Bar admissions data case goes to court

By Nancy McCarthy
Staff Writer

Richard SanderA UCLA professor took his fight to obtain data about bar examination applicants to court last month, arguing that public access laws give him a right to the information. Although a San Francisco Superior Court judge issued a tentative decision against Richard Sander before a hearing, he listened to arguments from both sides and did not immediately affirm his decision.

Sander, an economist and law professor, has sued the State Bar, seeking bar exam records for use in evaluating law school admission policies. Joined by the First Amendment Coalition and former State Bar governor Joe Hicks, he is asking for applicants’ race, law schools attended, year graduated from law school, bar pass rate, law school grades and LSAT scores. The Committee of Bar Examiners and the Board of Governors rejected Sander’s request in 2007 and the Supreme Court declined to hear the matter last year. The bar groups contend that releasing the data would violate their promises to law students of privacy and limited use of the records.

James Chadwick, the First Amendment Coalition’s lawyer, told Judge Curtis E.A. Karnow that the researcher is entitled to the records under both common law and Proposition 59, the public records initiative approved by voters in 2004. Although Chadwick acknowledged that not all records are subject to public access, he said “records in the hands of public agencies that have something to do with the work of the agency” — such as data about bar applicants — should be available for public scrutiny. Under Karnow’s tentative decision, Chadwick said, the State Bar would be the only state entity not subject to the right of access. “The State Bar will stand alone as being above public scrutiny,” he said.

State Bar attorney Michael von Loewenfeldt countered that the law is clearly on the side of protecting the records. “California case law regarding access to judicial records is very clear,” von Loewenfeldt said. “Public access is limited to documents that reflect decisions of the courts or that were submitted to the courts during an adjudicatory process.” Von Loewenfeldt also said the bar is an arm of the Supreme Court, and the judicial branch is different from the executive and legislative branches and thus subject to different kinds of rules. The work of the executive and legislative branches is part and parcel of the political process, whereas the work of the courts is contained in adjudicative proceedings and decisions.

“The internal admissions database of the State Bar contains highly sensitive and confidentially collected information about all bar applicants,” von Loewenfeldt said. “It is the antithesis of a public record; indeed, lawyers who pass the bar cannot even learn their own bar examination scores.” Von Loewenfeldt added that the State Bar is not without regulation. As an administrative adjunct of the Supreme Court, that court, as opposed to individual superior courts, would be the appropriate body to adopt rules or policies regarding public access to bar records.

Sander wants to use the data to test his “mismatch theory,” which concludes that affirmative action actually hurts minority students. He believes students of color who are admitted to top schools because of race-based standards have trouble competing with non-affirmative action students. They would do better, he believes, at less competitive schools.
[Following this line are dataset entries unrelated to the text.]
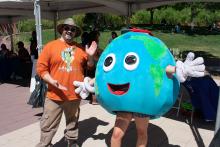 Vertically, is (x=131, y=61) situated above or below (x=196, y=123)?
above

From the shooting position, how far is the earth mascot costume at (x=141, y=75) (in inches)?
144

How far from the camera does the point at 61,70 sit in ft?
14.1

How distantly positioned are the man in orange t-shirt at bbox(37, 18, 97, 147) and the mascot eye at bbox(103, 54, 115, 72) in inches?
18.1

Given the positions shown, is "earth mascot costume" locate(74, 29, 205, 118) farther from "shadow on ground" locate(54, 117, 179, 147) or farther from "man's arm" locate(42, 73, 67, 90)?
"shadow on ground" locate(54, 117, 179, 147)

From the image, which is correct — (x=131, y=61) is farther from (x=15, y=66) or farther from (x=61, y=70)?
(x=15, y=66)

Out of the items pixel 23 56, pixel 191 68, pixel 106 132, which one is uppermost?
pixel 191 68

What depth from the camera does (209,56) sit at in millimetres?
17953

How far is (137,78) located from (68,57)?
1.07 metres

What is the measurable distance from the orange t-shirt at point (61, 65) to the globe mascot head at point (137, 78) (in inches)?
20.3

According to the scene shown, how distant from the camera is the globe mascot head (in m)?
3.66

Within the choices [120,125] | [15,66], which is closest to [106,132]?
[120,125]

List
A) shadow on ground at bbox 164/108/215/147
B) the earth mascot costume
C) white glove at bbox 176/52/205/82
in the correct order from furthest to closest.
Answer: shadow on ground at bbox 164/108/215/147 → the earth mascot costume → white glove at bbox 176/52/205/82

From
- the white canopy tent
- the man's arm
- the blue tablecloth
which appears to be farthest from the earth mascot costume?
the white canopy tent

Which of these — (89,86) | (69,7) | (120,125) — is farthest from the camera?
(69,7) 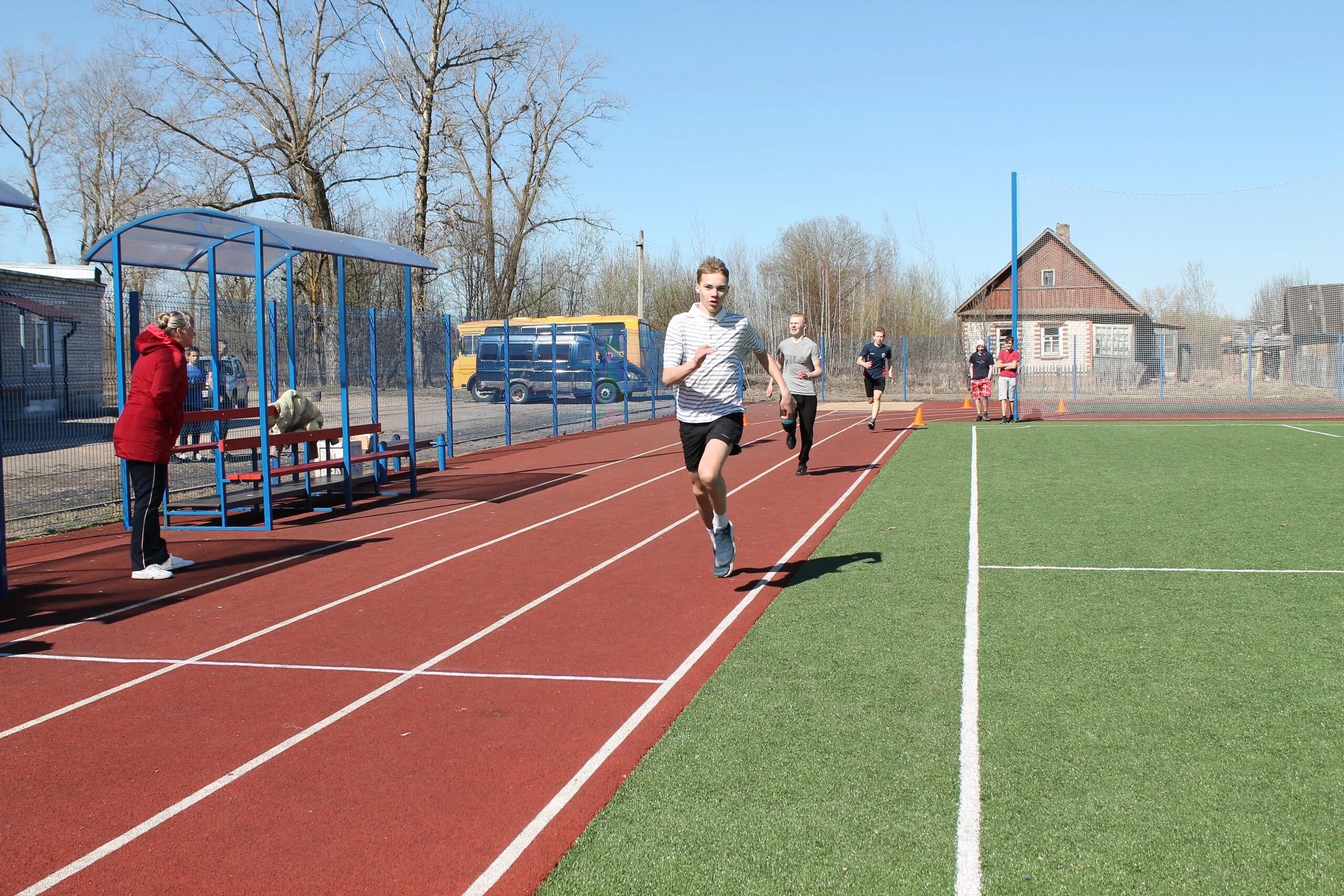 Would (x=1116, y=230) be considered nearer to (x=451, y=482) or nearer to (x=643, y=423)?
(x=643, y=423)

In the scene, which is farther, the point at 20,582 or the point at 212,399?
the point at 212,399

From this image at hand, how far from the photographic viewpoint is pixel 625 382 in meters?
26.1

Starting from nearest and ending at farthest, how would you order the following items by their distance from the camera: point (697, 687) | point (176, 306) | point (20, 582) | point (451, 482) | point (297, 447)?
point (697, 687)
point (20, 582)
point (176, 306)
point (297, 447)
point (451, 482)

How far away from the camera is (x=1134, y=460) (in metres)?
15.8

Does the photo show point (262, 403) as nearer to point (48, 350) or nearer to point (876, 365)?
point (48, 350)

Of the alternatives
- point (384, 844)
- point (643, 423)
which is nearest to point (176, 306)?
point (384, 844)

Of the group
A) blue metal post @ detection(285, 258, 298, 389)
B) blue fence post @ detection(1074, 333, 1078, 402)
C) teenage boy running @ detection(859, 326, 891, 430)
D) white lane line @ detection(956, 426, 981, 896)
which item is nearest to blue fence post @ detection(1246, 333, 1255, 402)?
blue fence post @ detection(1074, 333, 1078, 402)

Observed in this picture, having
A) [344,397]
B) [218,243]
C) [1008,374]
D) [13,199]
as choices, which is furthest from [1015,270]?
[13,199]

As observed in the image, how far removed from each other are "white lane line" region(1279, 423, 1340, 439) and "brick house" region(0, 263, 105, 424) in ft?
64.9

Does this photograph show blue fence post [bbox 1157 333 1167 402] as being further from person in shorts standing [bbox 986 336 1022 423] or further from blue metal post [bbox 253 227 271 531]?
blue metal post [bbox 253 227 271 531]

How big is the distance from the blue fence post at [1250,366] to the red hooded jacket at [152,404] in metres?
29.5

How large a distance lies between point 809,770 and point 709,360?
3533mm

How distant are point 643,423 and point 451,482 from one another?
13557mm

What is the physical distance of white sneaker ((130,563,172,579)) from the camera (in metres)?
8.41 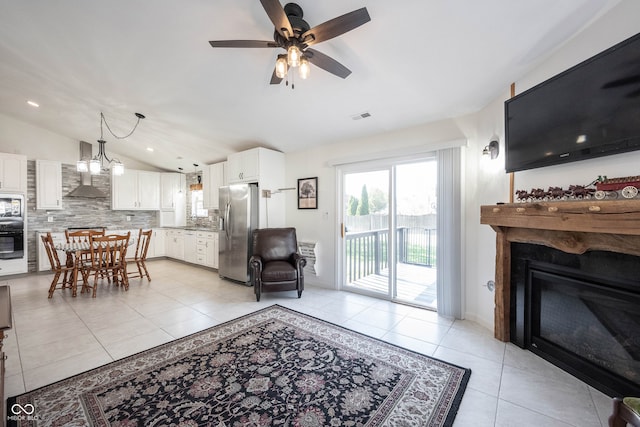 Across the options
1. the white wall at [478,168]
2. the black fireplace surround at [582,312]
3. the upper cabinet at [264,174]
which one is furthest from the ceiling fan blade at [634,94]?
the upper cabinet at [264,174]

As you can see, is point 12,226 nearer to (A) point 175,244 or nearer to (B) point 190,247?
(A) point 175,244

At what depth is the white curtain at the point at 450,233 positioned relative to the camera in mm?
3117

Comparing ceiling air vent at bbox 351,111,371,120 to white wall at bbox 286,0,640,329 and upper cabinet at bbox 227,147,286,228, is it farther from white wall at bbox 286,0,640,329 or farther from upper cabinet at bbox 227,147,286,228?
upper cabinet at bbox 227,147,286,228

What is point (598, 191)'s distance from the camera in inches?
63.3

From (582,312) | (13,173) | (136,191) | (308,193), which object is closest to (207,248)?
(136,191)

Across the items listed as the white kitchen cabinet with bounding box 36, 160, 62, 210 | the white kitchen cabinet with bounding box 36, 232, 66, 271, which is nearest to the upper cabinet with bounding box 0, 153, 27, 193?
the white kitchen cabinet with bounding box 36, 160, 62, 210

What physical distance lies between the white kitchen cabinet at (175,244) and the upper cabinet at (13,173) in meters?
2.83

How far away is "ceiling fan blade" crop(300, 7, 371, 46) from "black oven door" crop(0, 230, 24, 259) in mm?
6809

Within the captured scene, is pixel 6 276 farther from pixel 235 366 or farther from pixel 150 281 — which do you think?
pixel 235 366

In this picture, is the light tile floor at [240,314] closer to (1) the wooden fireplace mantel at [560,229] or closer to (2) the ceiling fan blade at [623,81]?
(1) the wooden fireplace mantel at [560,229]

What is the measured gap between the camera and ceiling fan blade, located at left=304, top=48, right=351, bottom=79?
191 cm

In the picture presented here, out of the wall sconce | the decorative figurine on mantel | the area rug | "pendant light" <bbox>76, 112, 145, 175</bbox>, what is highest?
"pendant light" <bbox>76, 112, 145, 175</bbox>

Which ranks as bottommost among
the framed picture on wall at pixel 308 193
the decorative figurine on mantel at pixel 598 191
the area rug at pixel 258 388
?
the area rug at pixel 258 388

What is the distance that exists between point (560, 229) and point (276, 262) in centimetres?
348
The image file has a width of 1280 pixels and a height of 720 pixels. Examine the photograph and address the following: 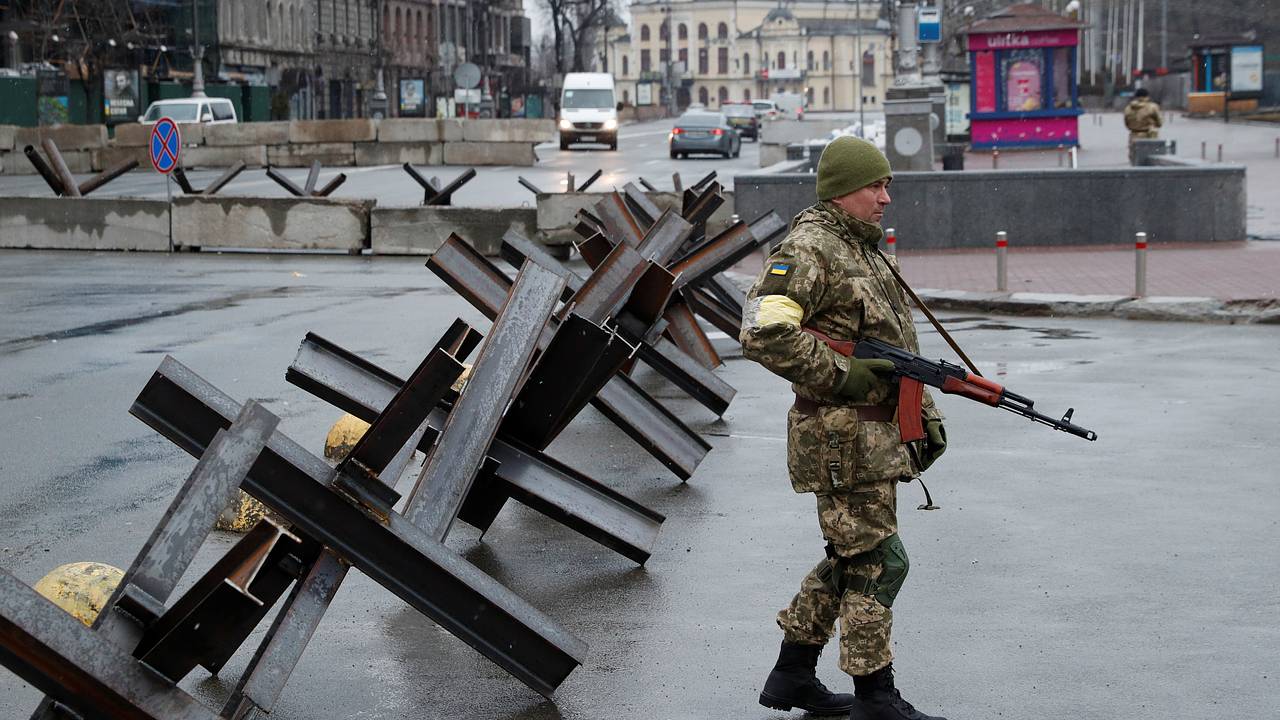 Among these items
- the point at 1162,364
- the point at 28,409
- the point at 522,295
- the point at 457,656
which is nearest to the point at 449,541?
the point at 457,656

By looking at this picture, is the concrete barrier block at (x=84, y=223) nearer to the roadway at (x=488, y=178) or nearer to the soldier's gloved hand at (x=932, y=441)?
the roadway at (x=488, y=178)

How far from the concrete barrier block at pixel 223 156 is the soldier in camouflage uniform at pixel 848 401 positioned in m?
41.1

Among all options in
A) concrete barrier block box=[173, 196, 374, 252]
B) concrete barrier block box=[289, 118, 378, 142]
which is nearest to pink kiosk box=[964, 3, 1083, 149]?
concrete barrier block box=[289, 118, 378, 142]

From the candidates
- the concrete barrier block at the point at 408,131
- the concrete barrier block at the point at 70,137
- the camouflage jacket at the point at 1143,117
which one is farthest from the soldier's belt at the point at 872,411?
the concrete barrier block at the point at 408,131

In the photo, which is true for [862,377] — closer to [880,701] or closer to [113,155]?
[880,701]

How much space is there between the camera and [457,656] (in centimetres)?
555

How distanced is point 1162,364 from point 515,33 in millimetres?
100897

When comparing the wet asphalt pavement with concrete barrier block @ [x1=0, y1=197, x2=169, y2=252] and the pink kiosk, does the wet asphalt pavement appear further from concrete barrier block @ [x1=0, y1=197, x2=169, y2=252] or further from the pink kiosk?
the pink kiosk

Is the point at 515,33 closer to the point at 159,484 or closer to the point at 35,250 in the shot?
the point at 35,250

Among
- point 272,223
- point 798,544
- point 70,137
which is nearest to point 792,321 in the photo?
point 798,544

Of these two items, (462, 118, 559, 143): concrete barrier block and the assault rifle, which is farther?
(462, 118, 559, 143): concrete barrier block

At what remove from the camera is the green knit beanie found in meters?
4.79

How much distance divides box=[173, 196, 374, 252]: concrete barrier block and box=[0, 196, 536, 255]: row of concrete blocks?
1 centimetres

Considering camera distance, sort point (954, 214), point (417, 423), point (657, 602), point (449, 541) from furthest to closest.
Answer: point (954, 214) → point (449, 541) → point (657, 602) → point (417, 423) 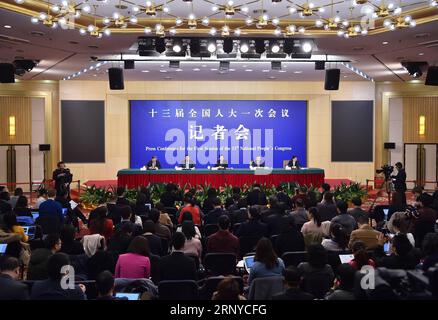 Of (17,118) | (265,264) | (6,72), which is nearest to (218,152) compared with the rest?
(17,118)

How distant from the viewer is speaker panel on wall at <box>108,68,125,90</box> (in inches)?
521

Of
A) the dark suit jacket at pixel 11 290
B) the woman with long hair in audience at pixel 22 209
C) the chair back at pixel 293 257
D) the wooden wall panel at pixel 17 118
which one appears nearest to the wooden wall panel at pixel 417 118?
the wooden wall panel at pixel 17 118

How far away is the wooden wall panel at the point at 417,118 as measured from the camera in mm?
18484

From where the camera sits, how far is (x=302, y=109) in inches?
741

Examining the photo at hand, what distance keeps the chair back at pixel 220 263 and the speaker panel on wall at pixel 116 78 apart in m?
8.47

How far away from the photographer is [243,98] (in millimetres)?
18734

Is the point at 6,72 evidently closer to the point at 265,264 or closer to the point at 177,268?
the point at 177,268

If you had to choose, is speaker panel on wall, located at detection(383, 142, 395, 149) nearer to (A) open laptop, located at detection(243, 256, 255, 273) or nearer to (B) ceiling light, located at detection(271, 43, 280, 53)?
(B) ceiling light, located at detection(271, 43, 280, 53)

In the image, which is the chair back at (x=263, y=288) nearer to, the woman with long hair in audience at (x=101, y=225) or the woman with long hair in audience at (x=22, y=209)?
the woman with long hair in audience at (x=101, y=225)

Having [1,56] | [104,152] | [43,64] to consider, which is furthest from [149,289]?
[104,152]

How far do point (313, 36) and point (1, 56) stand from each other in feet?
24.0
The First Amendment Coalition is seeking the records for use by scholars, researchers, government officials and members of the public.

Before the hearing, Karnow issued a tentative decision denying Sander’s petition. Turning over the records, he said would reverse “decades of legal development.” The public has no right to State Bar admissions data under common law, Proposition 59 or a new California rule of court, he said.

Traditional First Amendment rights do not extend to a variety of non-adjudicatory items, such as grand jury transcripts, preliminary drafts of orders and judges’ private deliberations and conferences, the judge said in his tentative decision. Instead, the question becomes whether the data sought by Sander “fall within the scope of documents in the possession of the judicial branch traditionally subject to public disclosure. They plainly do not.”

Karnow also rejected Sander’s argument that Prop 59, the 2004 public records initiative, requires public access to every document in possession of the courts. Such an interpretation represents a “stunning shift” from what the judge called the traditional test. “Sander provides no evidence,” he wrote, “that the voters meant the proposition to have such a remarkable reach in modifying the state Constitution and decades of legal development.”

Finally, the judge addressed Rule of Court 10.500, enacted by the Judicial Council at the request of the legislature to require the judicial branch to allow inspection and copying of judicial records. Despite the council’s express rejection of expanding the rule to cover the State Bar, Sander asked the court to interpret it broadly. “It is a heady suggestion, but I must decline,” Karnow wrote. The underlying legislation did not require the Judicial Council to enact rules governing the bar, he said, and even if it did so, a trial court does not have the ability to re-write a rule.

Von Loewenfeldt said after the hearing he was confident the bar will prevail. Sander said he will appeal if he loses.